▸ About this task
Copy out each line of the material exactly. Pictures do not belong in the copy.

▸ Available data
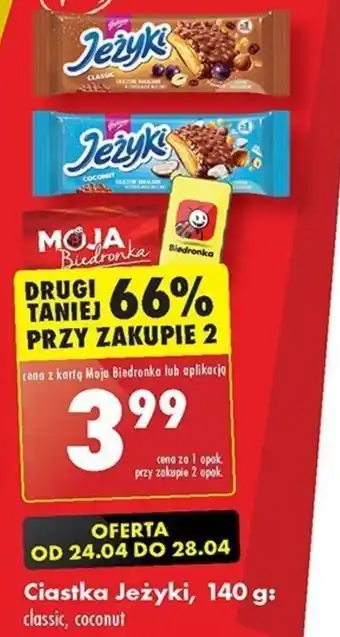 Biedronka Ciastka Jeżyki, 140 g oferta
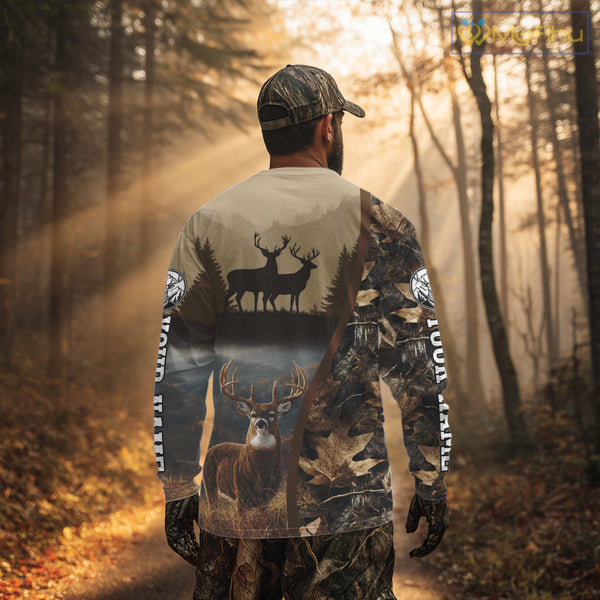 Personalized Deer Hunting 3D All Over Printed Shirts Custom Deer And Mountain Camo Shirt NHT254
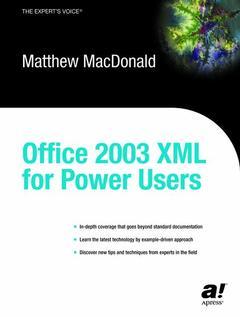 Couverture de l’ouvrage Office 2003 XML for Power Users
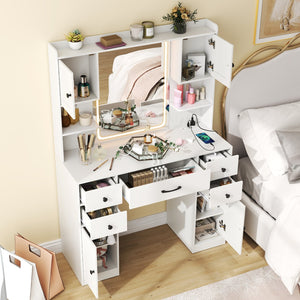 Makeup Vanity Desk with Lighted Mirror and Charging Station-White view 3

▸ Result of the exercise
 Biedronka Ciastka Jeżyki, 140 g oferta
 Personalized Deer Hunting 3D All Over Printed Shirts Custom Deer And Mountain Camo Shirt NHT254
 Couverture de l’ouvrage Office 2003 XML for Power Users
 Makeup Vanity Desk with Lighted Mirror and Charging Station-White view 3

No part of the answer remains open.